El sudor que brotaba por sus poros le causaba escozor en las heridas y los dientes le castañeaban cuando los escalofríos recorrían una y otra vez su cuerpo; la fiebre hervía en su interior y la razón se desvanecía… «Cierto… —recuperó otro verso—. ¡He llorado mucho! El alba es… dolorosa, la luna es terrible… y el sol… amargo». El barco ebrio de Rimbaud que Grace le había regalado. Como si supiera lo mucho que él lo deseaba. No había podido llevárselo a Sudán, pero le quedaba el recuerdo. Como el recuerdo de Grace.

«Grace, este es Jeremy, ya te he hablado de él. Jeremy, esta es mi hermana mayor Grace». Ya conocía ese rostro, lo había visto una vez, al comienzo del año en la academia, en la misa que se había celebrado para los cadetes y sus padres, durante la pequeña fiesta que había seguido. Un rostro que con sus rasgos regulares y el contraste entre el cabello y la piel claros y los iris sorprendentemente oscuros llamaba la atención y no se olvidaba fácilmente. Si bien tampoco era un rostro que atrajera en especial a Jeremy: era demasiado bonito, demasiado agradable.

«Hola, Jeremy». No había hecho una remilgada reverencia, ni le había ofrecido reservadamente la mano para un insinuado besamanos, y tampoco había recurrido a formalismos hueros; en cambio, había esbozado una sonrisa franca y le había estrechado la mano con firmeza. De igual a igual. «Hola, Grace».

También conocía el nombre. Al principio lo mencionaban a menudo, mientras con cautela y casi a regañadientes iba haciéndose amigo de Stephen y Leonard, de Royston y Simon. «Por cierto, Len, ¿no ha llegado ya el momento de que le plantees a Grace la pregunta de todas las preguntas?». Leonard solo había hecho una mueca, pero la dicha de sus ojos hablaba por sí sola. «No me esperes, Grace. No volveré. Cásate con Len y sé feliz». Jeremy quería ser generoso, pero no podía, ni siquiera ahí en Omdurmán, mientras la fiebre lo consumía y la tortura física y el sufrimiento anímico lo devoraban. «No la conoces, Len. Ni siquiera después de tantos años.
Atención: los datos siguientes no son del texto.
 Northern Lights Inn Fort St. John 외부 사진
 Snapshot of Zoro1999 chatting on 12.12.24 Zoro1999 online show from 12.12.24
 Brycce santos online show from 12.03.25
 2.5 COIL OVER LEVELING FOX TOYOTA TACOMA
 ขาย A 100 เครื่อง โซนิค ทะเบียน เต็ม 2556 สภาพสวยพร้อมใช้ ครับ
No la entiendes».

Grace, cuyo rostro era tan agradable como un jardín inglés en flor y tras el cual se extendía un territorio extenso e inexplorado. Una tierra salvaje con peñas escarpadas y mares rugientes, bosques oscuros y agrestes crestas, pero también con valles verdes y llenos de flores que invitaban a descansar al viajero fatigado. No era tierra que se dejara dominar o someter, y para Jeremy era como estar en casa. Era su hogar.

«Pero de ti imploro, ángel, tus plegarias. Ángel dichoso, alegre, resplandeciente».
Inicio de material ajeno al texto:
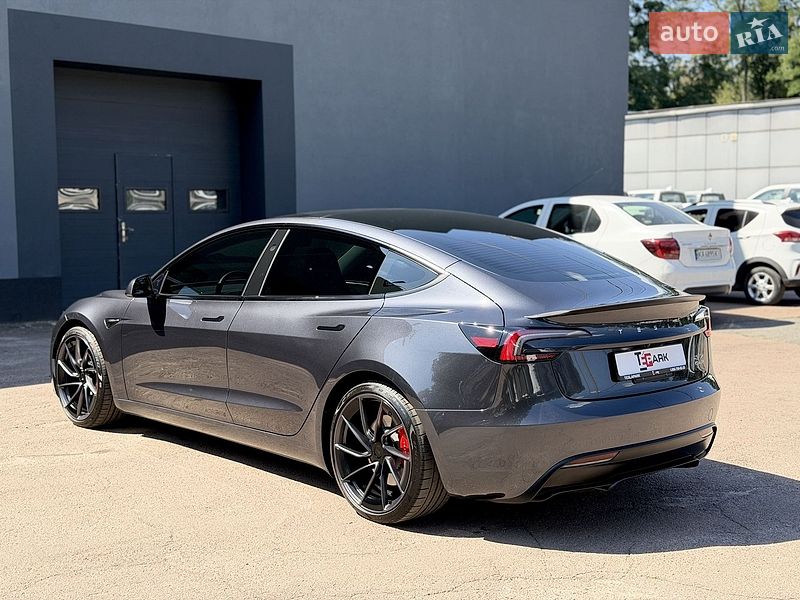Седан Tesla Model 3 2024 в Киеве фото 8 Седан Tesla Model 3 2024 в Киеве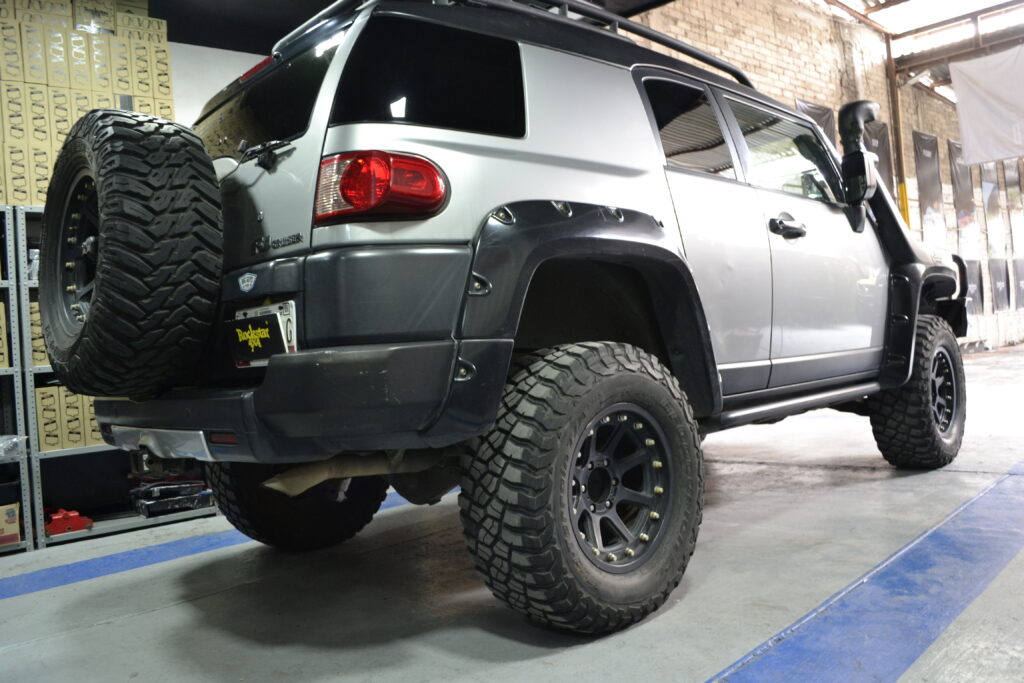 Juego de amortiguadores y resortes para FJ Cruiser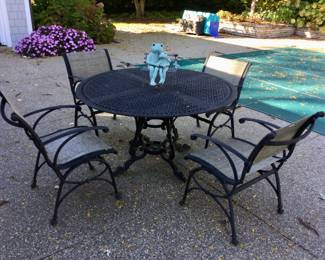 Iron Patio 54" Round Table w/4 Arm Chairs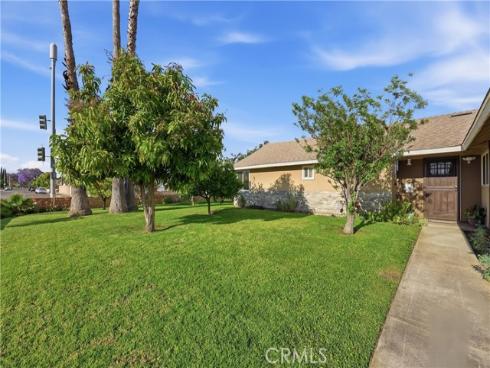 1946 W Broadway , Anaheim, CA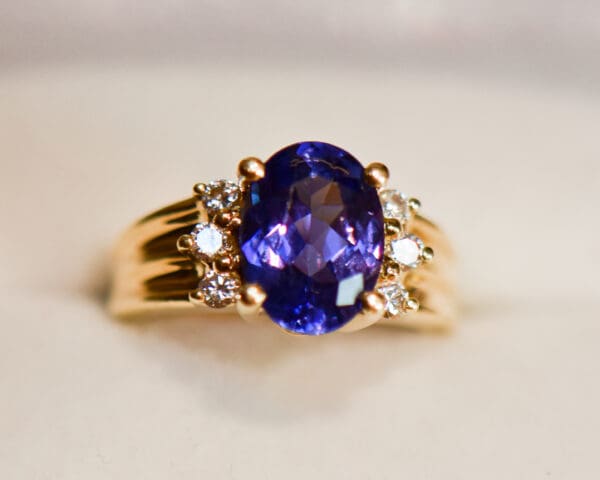 estate 18k gold and deep blue tanzanite ring 4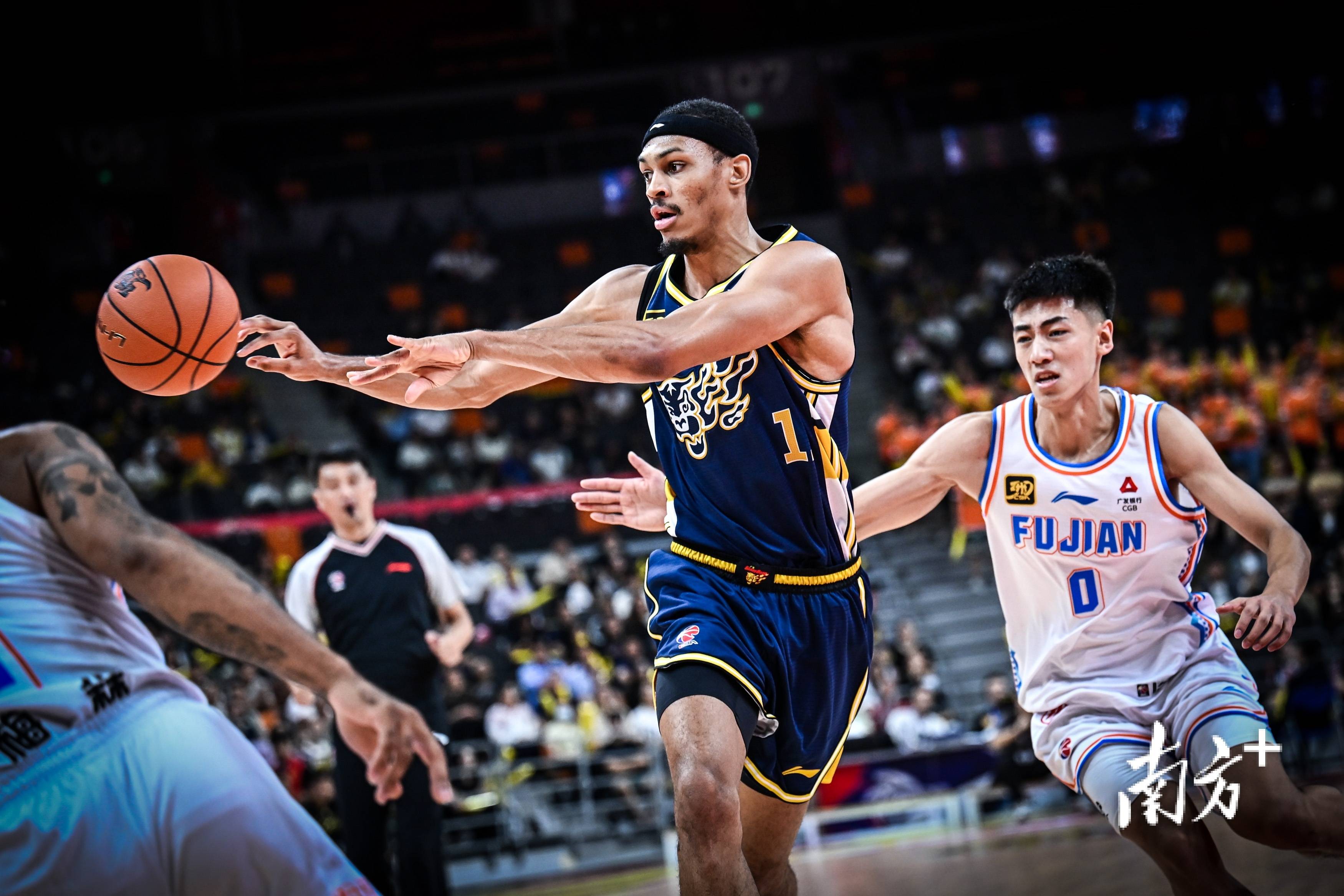 山东队客场力克福建男篮,豪取三连胜 山东队客场力克福建男篮,豪取三连胜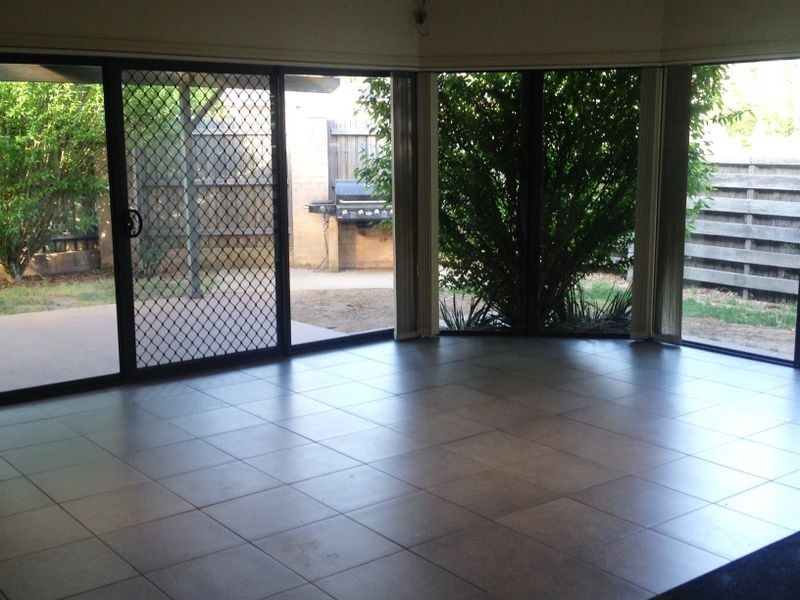2 Simonetti Street, Dunlop ACT 2615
Las voces le envolvieron. «¿Grace?».

Unos dedos suaves recorrían su cuerpo con destreza, pasaban por sus heridas, las humedecían con un líquido fresco que escocía y luego le aliviaba. «Grace, ¿eres tú?».

El metal martilleaba sobre el metal, crujía, se rompía. Unas manos lo agarraban y lo levantaban en el aire como si fuese una pluma. «Ángel lleno de alegría y de resplandor».

Flotaba, flotaba por la habitación, por un pasaje lleno de una luminosa aureola. Hacia fuera, hacia la cegadora luz del día.